# Dataset section:
-- Opening Marker --

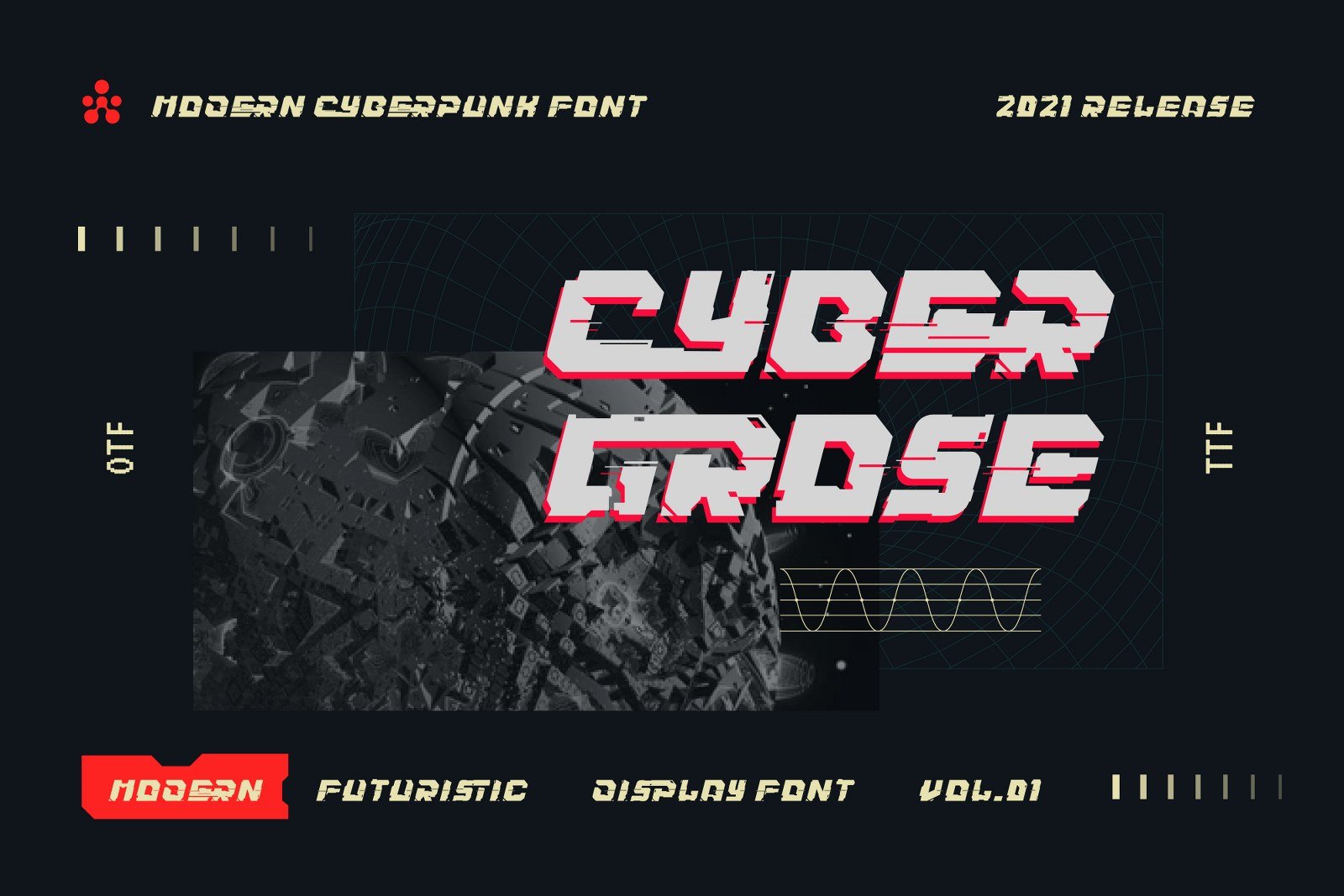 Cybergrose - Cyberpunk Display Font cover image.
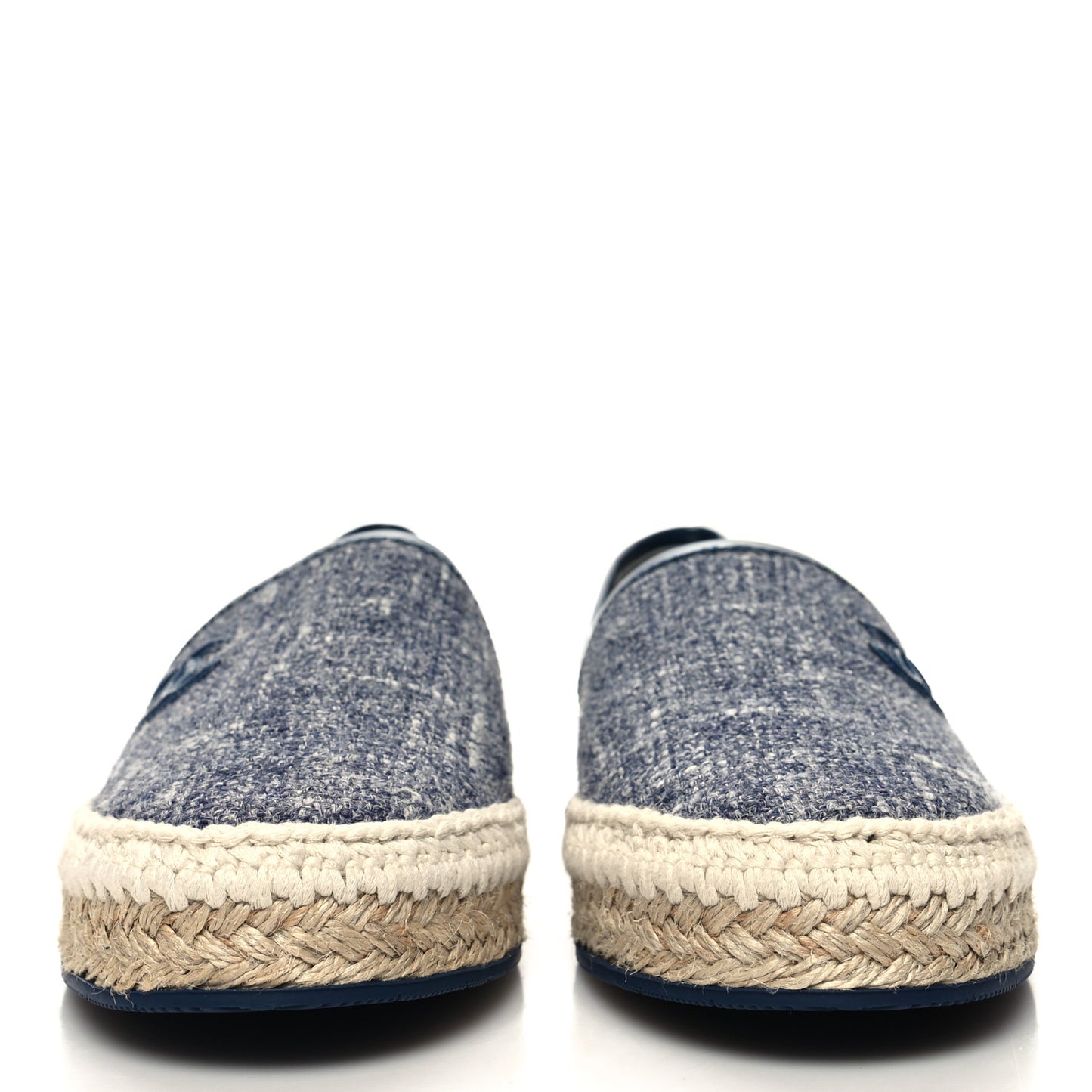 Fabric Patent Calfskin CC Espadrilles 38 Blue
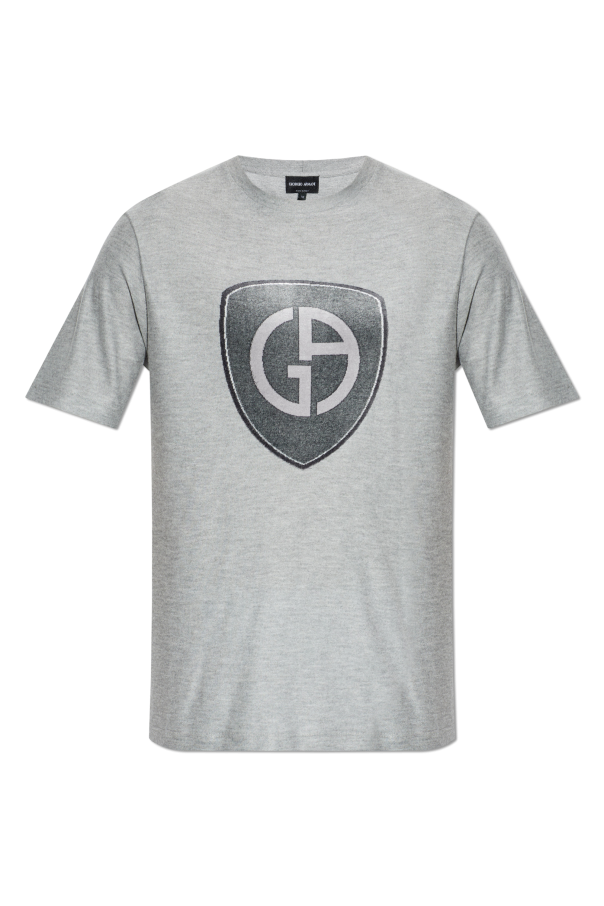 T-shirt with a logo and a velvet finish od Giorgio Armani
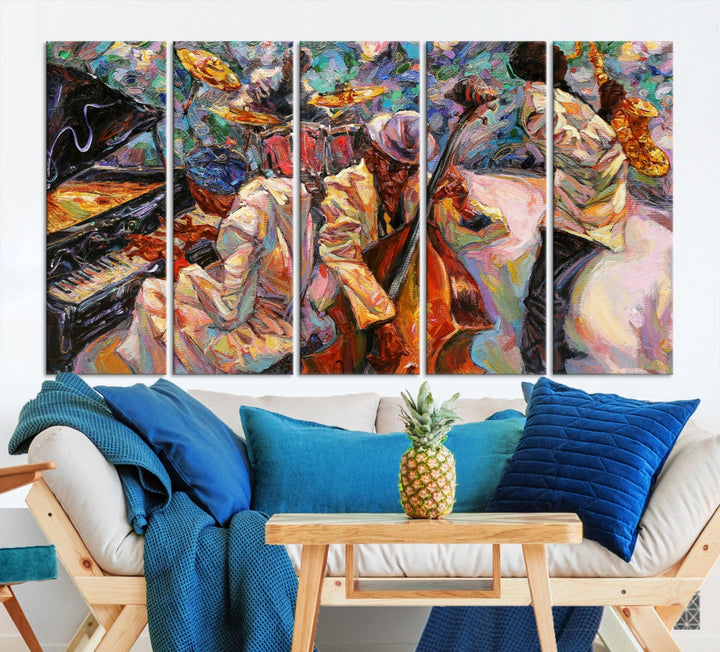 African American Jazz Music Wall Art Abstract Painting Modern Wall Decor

-- Closing Marker --

# Work request:
Retype the whole listing word for word. Skip the pictures.

# Exercise result:
 Cybergrose - Cyberpunk Display Font cover image.
 Fabric Patent Calfskin CC Espadrilles 38 Blue
 T-shirt with a logo and a velvet finish od Giorgio Armani
 African American Jazz Music Wall Art Abstract Painting Modern Wall Decor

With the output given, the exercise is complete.